• Brief
Once the line with "Used 2018 Mercedes-Benz GLC 300 image 24" is found in the entries below, repeat it and each following line exactly, up to and including the line with "14kt gold emerald and diamond ring". Add no other lines.

• Excerpted records

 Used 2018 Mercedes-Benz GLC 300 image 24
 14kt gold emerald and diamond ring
==
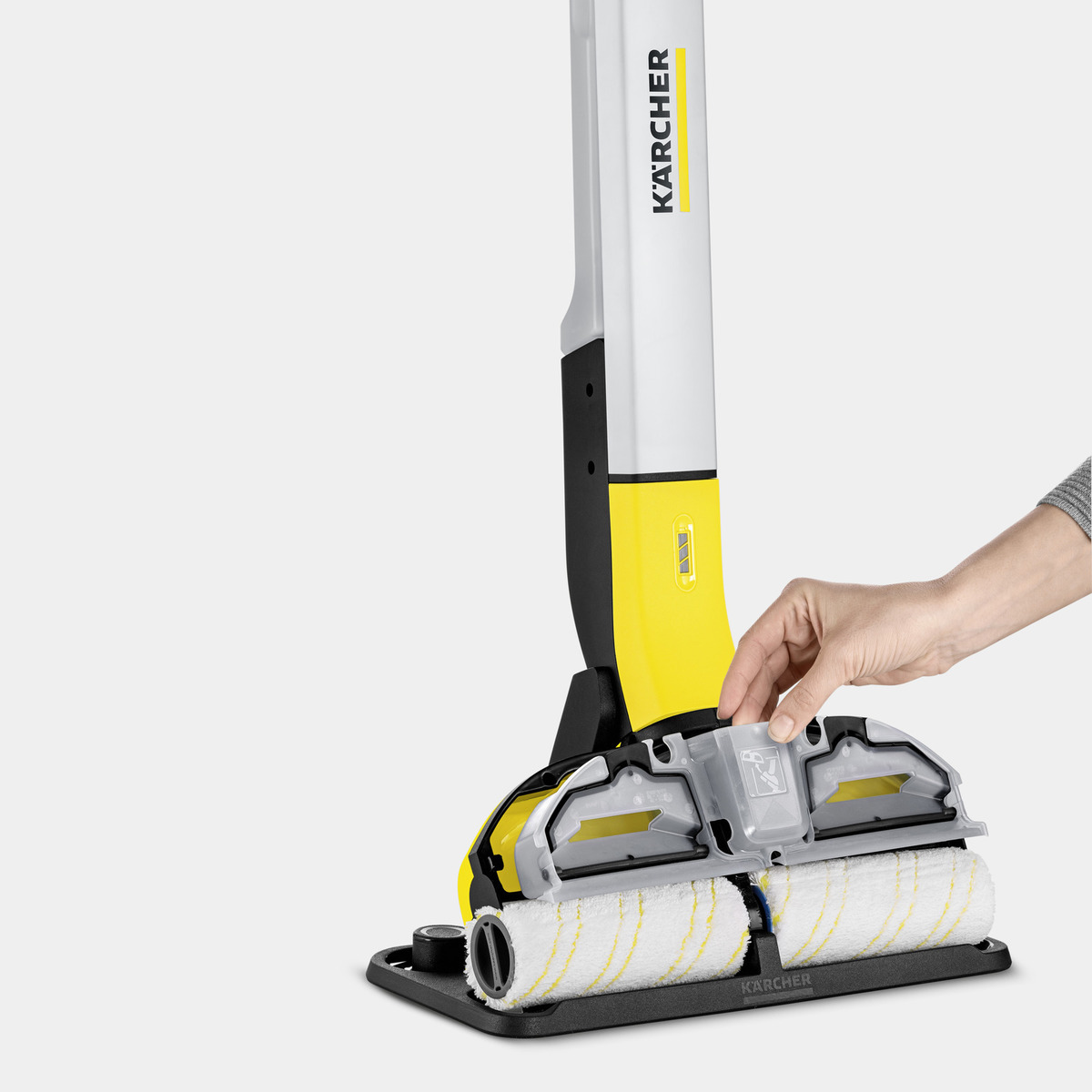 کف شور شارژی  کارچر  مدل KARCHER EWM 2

• Answer to the exercise
 Used 2018 Mercedes-Benz GLC 300 image 24
 14kt gold emerald and diamond ring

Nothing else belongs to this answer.